United States District Court, D. Connecticut
JOSE A. JUSINO, Plaintiff,
v.
MONICA RINALDI, et al., Defendants.
RULING AND ORDER
Michael P. Shea, United States District Judge
The
plaintiff, Jose A. Jusino, is incarcerated at Northern
Correctional Institution (“Northern”). On June 6,
2019, the plaintiff filed an amended complaint. For the
reasons set forth below, the amended complaint will be
dismissed in part.
I.
Procedural Background
The
plaintiff initiated this action by filing a complaint against
fifteen employees of the Department of Correction.
See Compl., ECF No. 1 at 1. He asserted Eighth
Amendment conditions of confinement claims, a Fourteenth
Amendment equal protection claim, and Fourteenth Amendment
due process claims related to his confinement on special
management needs status at Northern and his confinement on
security risk group status in the Walker Building at
MacDougall-Walker Correctional Institution
(“Walker”) and Corrigan Correctional Institution
(“Corrigan”). See Id. at 2.
On
April 15, 2019, after reviewing the complaint under 28 U.S.C.
§ 1915A(b), the court dismissed the Fourteenth Amendment
equal protection claim, the Eighth Amendment claim related to
conditions at Corrigan, and the Fourteenth Amendment due
process claim related to the plaintiff's confinement at
Corrigan. The court dismissed without prejudice the Eighth
Amendment conditions claim related to the plaintiff's
confinement at Walker. See Initial Review Order, ECF
No. 8, at 17-18. The court concluded that Fourteenth
Amendment due process claims relating to the plaintiff's
long-term confinement on special management needs status and
security risk group status without meaningful, periodic
reviews would proceed against defendants Rinaldi, Santiago,
Kocienda, Maiga, Maldenado, Quiros, Rodriguez, Mulligan,
Molden, and Tugie in their individual capacities. See
Id. at 18. The court also permitted the plaintiff to
file an amended complaint to re-assert his Eighth Amendment
conditions claim related to his confinement in the security
risk group program at Walker beginning on July 31, 2018. The
court instructed the plaintiff that if he chose to file an
amended complaint, “he must include facts to show how
each condition or combination of conditions that existed at
Walker deprived him of a basic human need and also describe
how each defendant was involved in, responsible for or aware
of the various conditions at Walker that allegedly deprived
him of a basic human need.” Id.
The
amended complaint asserts claims under 42 U.S.C. § 1983
and re-names Commissioner Scott Semple, Deputy Commissioner
Monica Rinaldi, Director of Security Antonio Santiago,
Administrators Edward Maldenado, Angel Quiros, Nick
Rodriguez, William Mulligan, and David Maiga, and
Correctional Employees Elisabeth Tugie, Jon Aldi, Derrick
Molden, and Thomas Kocienda as defendants and adds
Commissioner Rollin Cook and Correctional Employees Daniel
Papoosha, Craig Burns and Mark Frayne as defendants.

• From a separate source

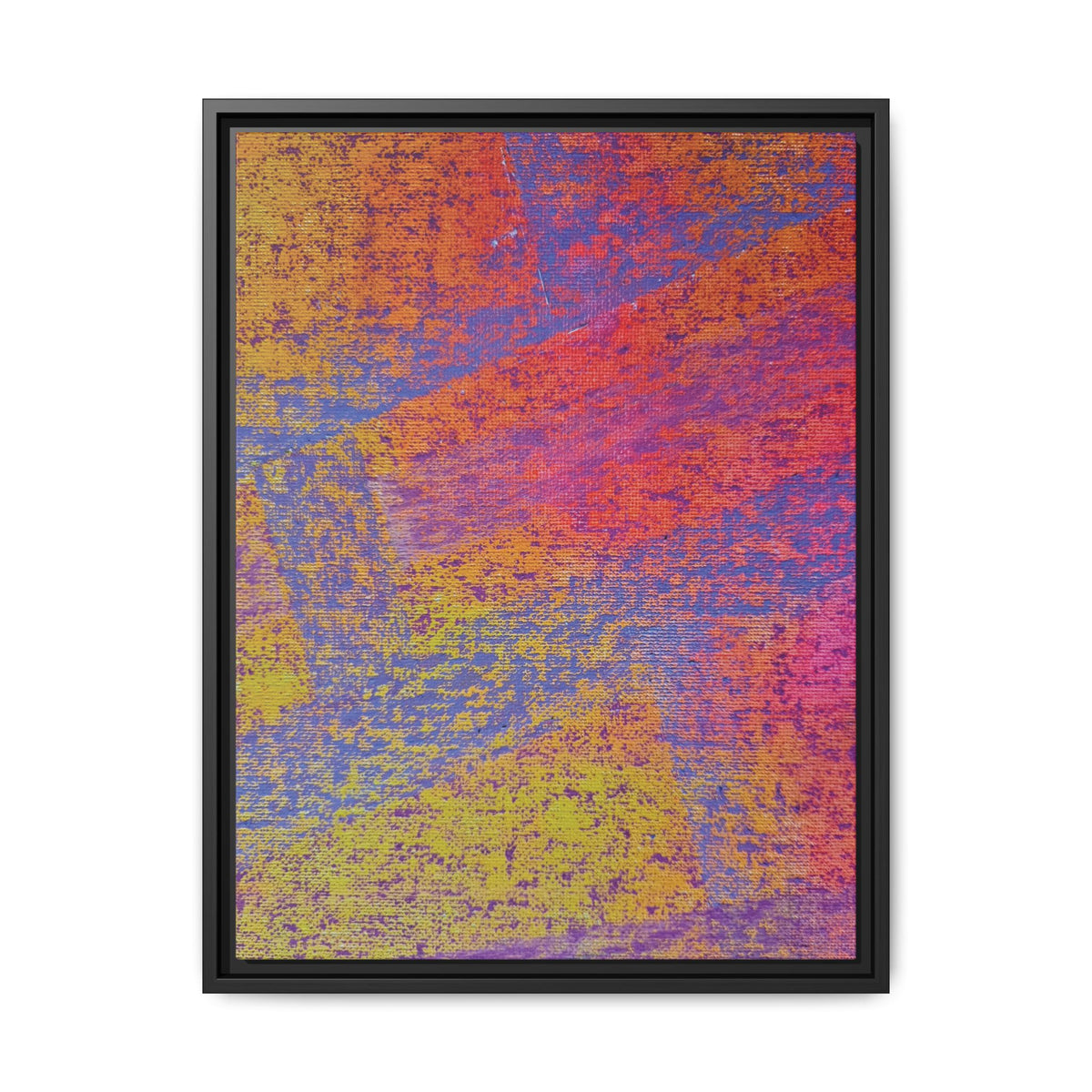 Sunset Matte Canvas, Framed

See Am. Compl., ECF No. 27. The plaintiff alleges
that the defendants violated his Fourteenth Amendment rights
during his confinement on special needs management status at
Northern beginning in 2010 and during his confinement on
security risk group status from 2009 to the present.
II.
Standard of Review
The
court reviews the amended complaint pursuant to 28 U.S.C.

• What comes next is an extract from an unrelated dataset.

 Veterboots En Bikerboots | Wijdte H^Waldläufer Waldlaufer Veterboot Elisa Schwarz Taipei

§ 1915A(b). Under section 1915A(b), a court must
“dismiss ... any portion of [a] complaint [that] is
frivolous, malicious, or fails to state a claim upon which
relief may be granted, ” or that “seeks monetary
relief from a defendant who is immune from such
relief.” Id. Rule 8 of the Federal Rules of
Civil Procedure requires that a complaint contain “a
short and plain statement of the claim showing that the
pleader is entitled to relief.” Fed.R.Civ.P. 8(a)(2).
Although
detailed allegations are not required, “a complaint
must contain sufficient factual matter, accepted as true, to
state a claim to relief that is plausible on its face. A
claim has facial plausibility when a plaintiff pleads factual
content that allows the court to draw the reasonable
inference that the defendant is liable for the misconduct
alleged.” Ashcroft v. Iqbal, 556 U.S. 662, 678
(2009) (internal quotation marks and citations omitted). A
complaint that includes only “‘labels and
conclusions,' ‘a formulaic recitation of the
elements of a cause of action' or ‘naked
assertion[s]' devoid of ‘further factual
enhancement, '” does not meet the facial
plausibility standard. Id. (quoting Bell Atl.

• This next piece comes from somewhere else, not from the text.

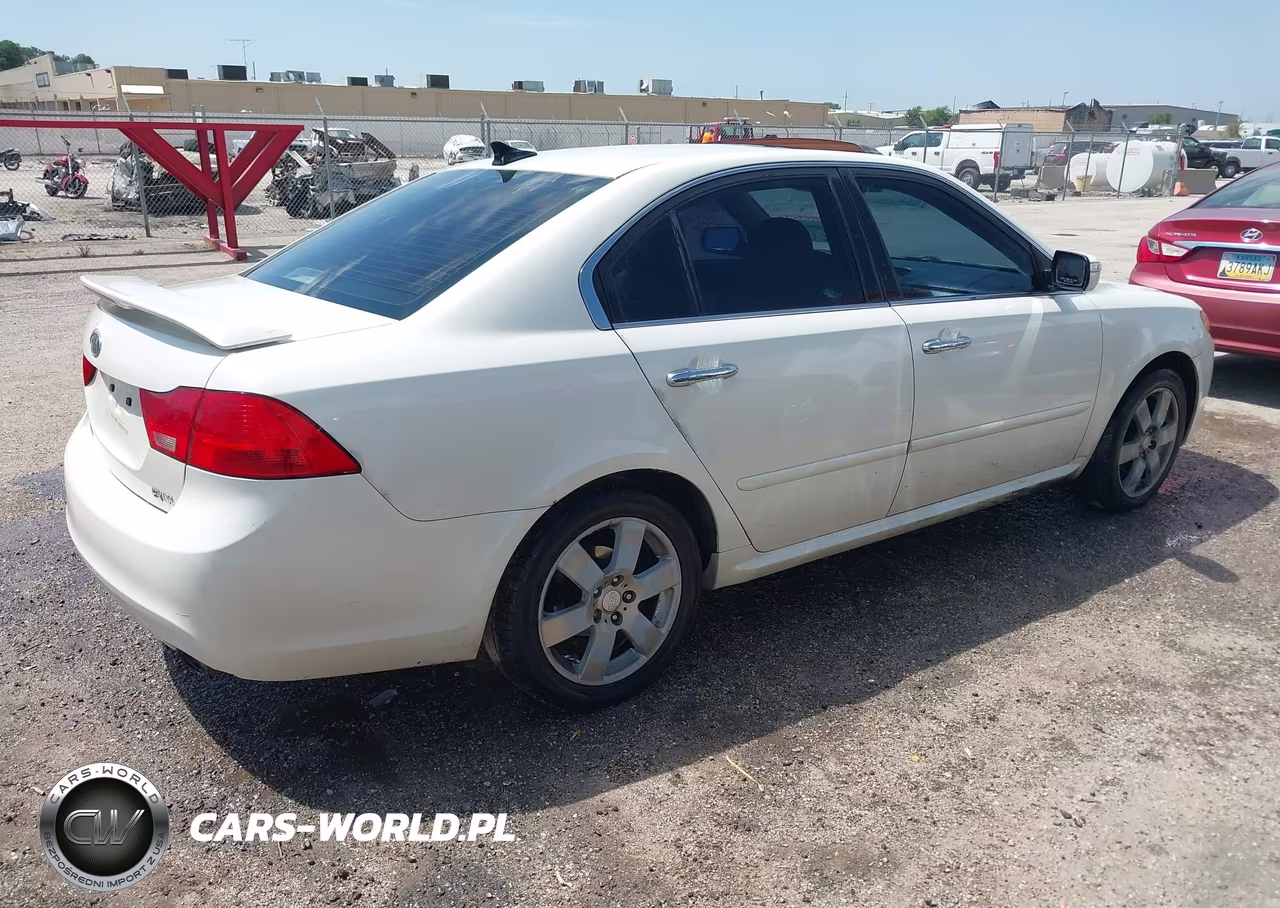 2009 Kia Optima Ex V6 VIN:KNAGE224095357784 - 4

Corp. v. Twombly, 550 U.S. 544, 555, 557 (2007)).
Although courts still have an obligation to interpret
“a pro se complaint liberally, ” the
complaint must include sufficient factual allegations to meet
the standard of facial plausibility. See Harris v.
Mills, 572 F.3d 66, 72 (2d Cir. 2009) (citations
omitted).
III.
Facts
The
plaintiff states that he has been diagnosed as suffering from
“multiple psychological disabilit[ies] and traits as
well as abnormal brain structure and function.”
See Am. Compl., at 4 ¶ 9. He has been confined
in a restrictive housing unit since 2007. See Id.
¶ 10.
In
2009, the plaintiff received a disciplinary report charging
him with being a member of a security risk group called the
Bloods. See Id. at 5 ¶ 17. The plaintiff
contends that he was never a member of the Bloods gang.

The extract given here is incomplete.